The AIML was promptly hijacked, taken away to Lucknow, and the Muslims of Bengal were left to be led, albeit very effectively, by Sher-e-Bengal Fazlul Haq Saheb of glorious memory, with his Krishak Praja Party commanding the loyalty of the rural voter throughout Bengal, whether Muslim or Hindu.
Separate electorates were a direct result of these developments, and were introduced in 1919. They were rapidly seen by the Muslims to be inadequate, as the majority could do what they liked, irrespective of how many minority legislators were elected; as long as the minority legislators were in a minority in the legislature, there was nothing they could do. This is what led directly to the legislative engineering of the next phase.

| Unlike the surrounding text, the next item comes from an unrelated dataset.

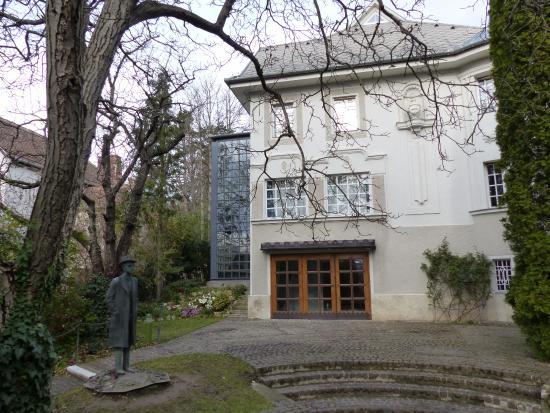 Béla Bartók-herdenkingshuis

The reason why I introduced a reference to the ultimate inadequacy of this Two Nation Theory is because once Muslims got their promised homeland, although they got it in rather more extreme fashion than they had planned and struggled for, their other affiliations came to the fore. Exactly this happened on the Indian side of the Radcliffe Line as well, in spite of the Congress fiercely denying that there was any divide at all among Indians. We have just been through a lot of bloodshed on another similar thread, and I do not wish to got through that nonsense again, so I refrain - deliberately - from enumerating the minorities who resisted absorption in India. Anyone with an excessive bump of curiousity can go across to that thread and look it up.
If we look at why these things took place, the whole debate takes on a clear perspective, and we can stop arguing about who would washed backsides of which pigmentation.
The fact is that both India and Pakistan are looking at failed paradigms of state management of minorities - Bangladesh got out of it by breaking away and forming a Westphalian state of some integrity in the structural sense - and need to evolve other paradigms. Both states have to recognise that minority feeling is to be found outside religion as well as within, and have to map it, and work out how to deal with it.
I am sorry, but with suicide bombings in Lahore, at the most revered shrine Data Darbar, with Ahmedis machine-gunned at their mosques just a little over a month ago, with 26 CRPF jawans slaughtered by the Maoist
tribals, tribals more than Maoists, the inhabitants of Bastar that was treated so brutally barely a generation ago, with over 30 listed organisations engaged in armed insurrection in the north-east, neither Indian nor Pakistani can point a finger at each other.
This discussion is a shameful exercise in futility.